Le fait est d'ailleurs que la radio est connue depuis à peu près un siècle. S'il devait vraiment y avoir des électro-hypersensibles, on en aurait sans doute trouvé parmi le personnel d'entretien des antennes radio...
Juste pour rire :
- charger la vidéo suivante, http://www.youtube.com/watch?v=1i-S...
- se positionner à 22 secondes !!
Quelle cohérence, mais quelle cohérence de la part du type qui déclare en interview : http://www.liberation.fr/evenements...
"C’est lamentable. Des études ont montré que les ondes magnétiques pouvaient représenter un danger pour les plus fragiles, les petits enfants notamment."
C'est le même problème qu'a rencontré Laurence Abeille, auteur de la proposition de loi.
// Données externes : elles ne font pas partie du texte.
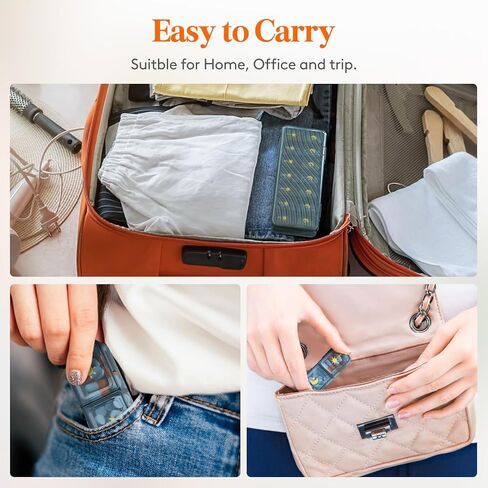 منظم حبوب الدواء الأسبوعي من لايف ويت مرتين في اليوم، صندوق حبوب دواء مقاوم للضوء للسفر لمدة 7 أيام للأدوية/الفيتامين/زيوت السمك، حقيبة حبوب يومية، أخضر in Kuwait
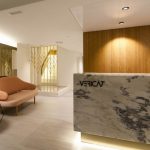 西班牙瓦倫西亞診所設計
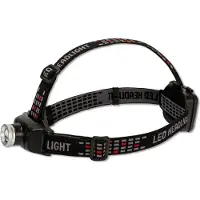 Velamp Cree & Argo Zoom Evo Cree Hoofdlamp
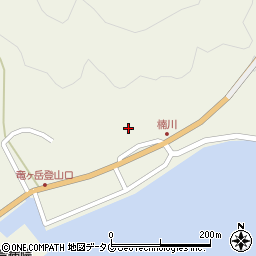 熊本県上天草市龍ヶ岳町高戸2380周辺の地図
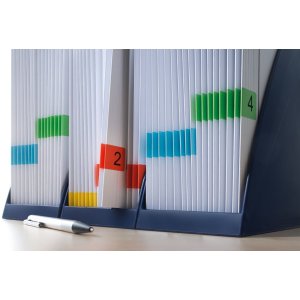 Etiquetas HERMA A4 verde 45,7x21,2 mm papel mate 960 unidades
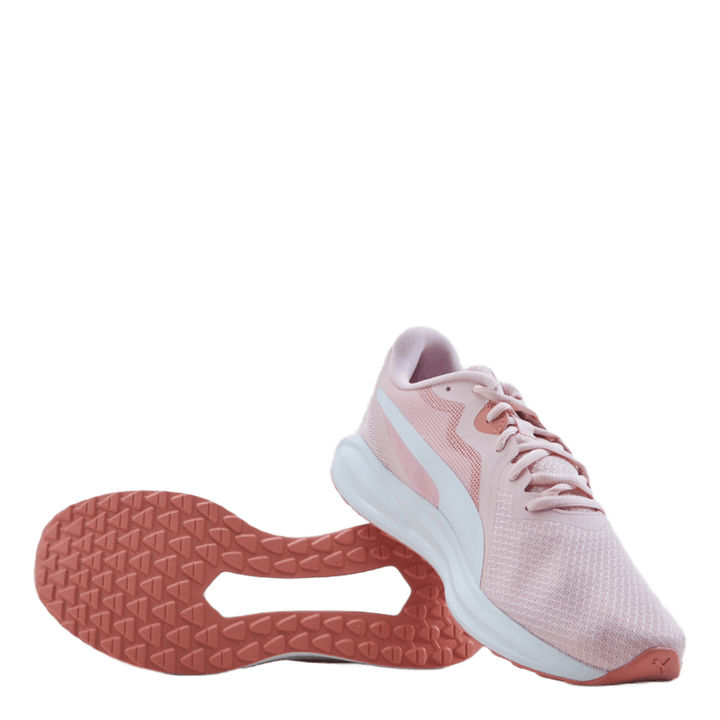Twitch Runner Jr Chalk Pink-puma White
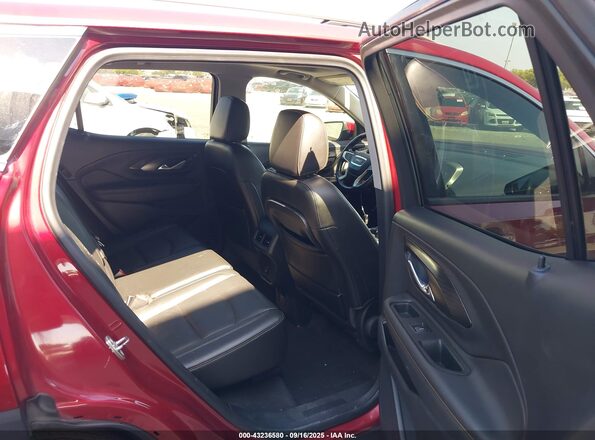 3GKALPEV8JL202070 2018 GMC TERRAIN Red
En possédant un téléphone portable — et en l'utilisant — ils montrent qu'ils ne sont absolument pas inquiets des effets des ondes électromagnétiques sur leur santé. Le plus drôle dans l'histoire, c'est quand on sait comment ce genre de séquence d'ambiance sont faites. Il a peut-être dû marcher plusieurs fois sur ce pont et mettre son téléphone à l'oreille, même sans coup de fil, bien sûr.
Par contre, Yannick Jadot est un adulte, alors il peut s'en faire un petit, comme on dirait dans certain film.
Mais c'est tout de même dommage que Yannick Jadot ait dû être victime d'une barbouzerie pour qu'on le voie avec un téléphone portable à la TV.
"Le fait est d'ailleurs que la radio est connue depuis à peu près un siècle."
La radio analogique est purement "analogue". C'est une fonction continue. Les anti-CEM expliquent que le continu n'est pas dangereux, mais que le discontinu l'est (en très gros enfin bref c'est ce que j'ai cru comprendre).
En revanche, la télé "analogique" est "numérique" ou plutôt discrétisée. Déjà, le cinéma photographique est un découpage arbitraire du temps, la télé "analogue" est un découpage arbitraire de l'image en bandes horizontales. (Par contre sur un signal N&B, chaque bande horizontale est bien un signal analogue.)
Le signal télé PAL (même d'une image constante) peut faire apparaître des basses fréquences audibles via un câble Péritel non blindé, ce qui est très désagréable.
La signalisation de début de trame et de début de ligne en PAL/SECAM n'est pas un signal analogue à quelque chose, c'est juste un symbole (c'est pourquoi je considère la vidéo analogique comme en partie numérique).
Tout ça pour dire que la vidéo n'étant pas un signal purement analogue, elle pourrait causer des problèmes spécifiques (si on accepte les arguments des anti-CEM, même s'ils sont confus).
L'argument devrait donc être reformulé :
"Le fait est d'ailleurs que la télé radiodiffusée est connue depuis longtemps."
Mais le discours anti-CEM me gène parce qu'il utilise toujours des unités de puissance, tout en expliquant que ce n'est pas l'effet "four MO" qui pose problème, mais l'information transmise. L'information transmissible étant liée à la largeur de bande de fréquence utilisée (ce qui n'est jamais discuté par les anti-CEM), l'information étant codée par des variations en phase ou en amplitude (ou les deux), ce qui n'est jamais discuté...
Si c'est le cas, une norme en V/m ou mW/m² n'a aucun sens!
Les arguments anti-CEM me plongent dans des abîmes de perplexité.